Big K
31st January 1984
Categories: Review: Software
Publisher: Temptation
Machine: Spectrum 48K
Published in Big K #2
Load! Load! Load!
Funny how life imitates art. Just as the US Navy put the giant World War II battlewagon New Jersey back in commission and sent it to lurk menacingly off the coast of Lebanon, several software companies obviously decided that there's mileage in resuscitating this obsolescent - but fascinating - form of naval warfare, where gun-armed ironclads seek each other out on the high seas and, having found each other, do their best to blow their opponents out of the water.
But MC Lothlorien (Dreadnoughts) and new Rye-based company Temptation (Admiral Graf Spee) have elected to simulate actual eras of battleship warfare.

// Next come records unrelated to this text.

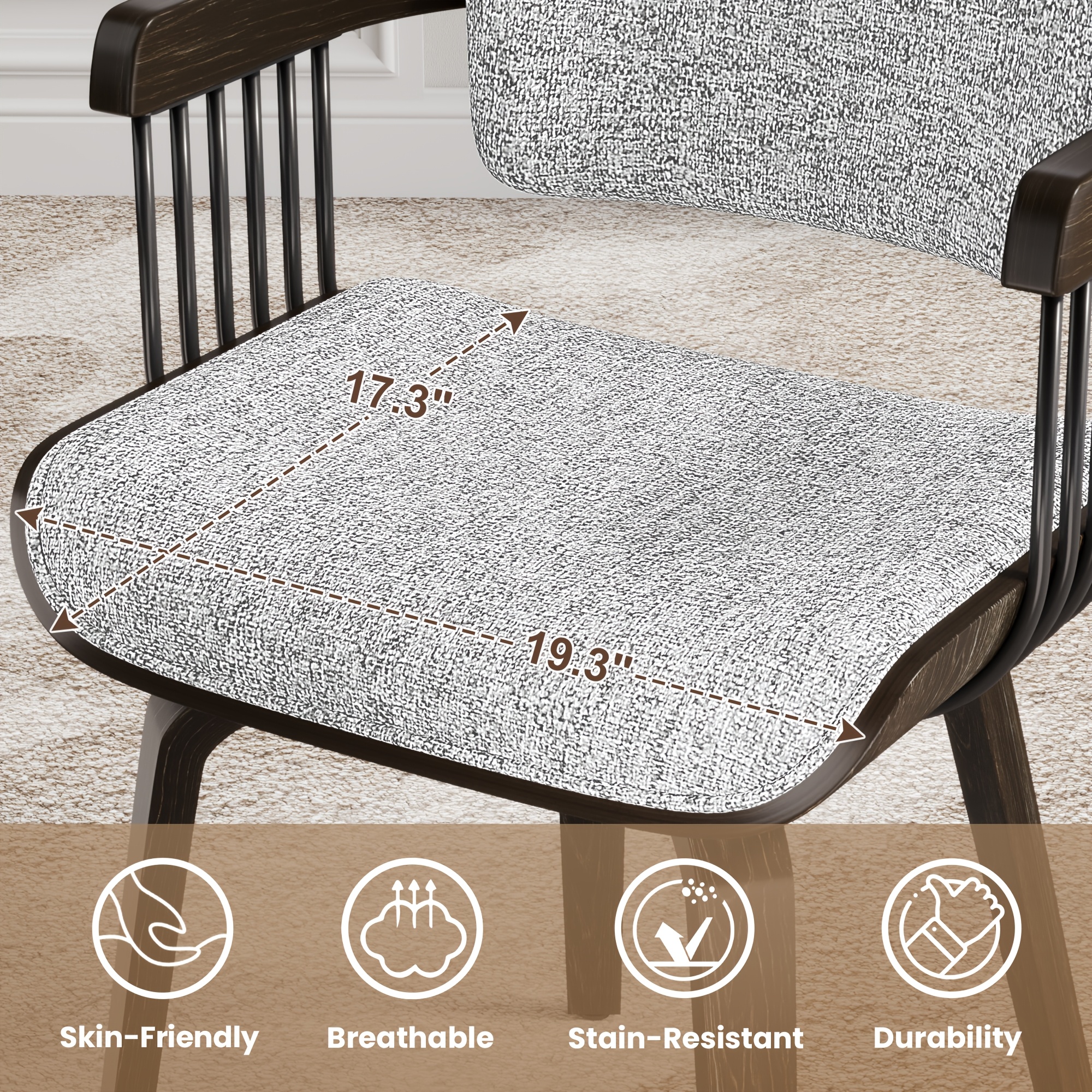 Two Ergonomic Wooden Dining Chairs, Curved Bentwood Backrest And Seat, High-Density Foam Cushion, Modern Semi-Armrest Kitchen Chair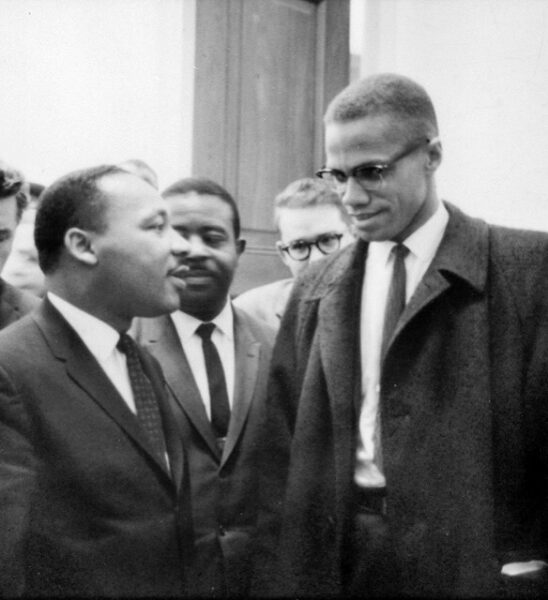 MLK and Malcolm X at the Civil Rights Act hearing.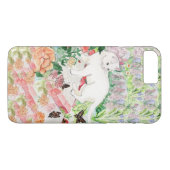 White Cat in een Garden iPhone Case (Achterkant (Horizontaal))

The first goes for that most fascinating of epochs, the 1914-18 war, when mighty fleets hunted each other over the wintry North Sea. Temptation's offering reproduces the last cruise of the pocket battleship "Graf Spee".
Both have 'search' modes, with Dreadnoughts allocating you a pre-set plotline and Graf Spee allowing you to hunt the oceans rather like the Thorn-EMI game Submarine Commander. Of the two, the Lothlorien search mode is the more realistic, since it exactly reproduces the confusion and poor visibility for which that era of naval warfare was noted. However, Dreadnoughts is fairly dull to look at, consisting essentially of menus and, I have to say it, spreadsheets (!) whereby you alter individual vessels' speed and heading.
Dreadnoughts eventually gives you a 'look-down' (Zeppelin?) view, whereas the Temps opt for a bridge view. Combat sequences therefore are tokenised on Dreadnoughts and - because of the Basic programming - tacky and wooden on Graf Spee. The best thing about either game is the capability of Dreadnoughts to allow two players to alternate on the same console, so that what each player sees (the other guy politely staring at the wall meantime) is exactly what the admiral would see.
Of the two, Dreadnoughts is the more authentic overall and more visually boring; while Graf Spee is precisely the other way around. Neither address the contemporary problem of range-finding in any way. Overall, I feel the ultimate naval wargame has yet to come.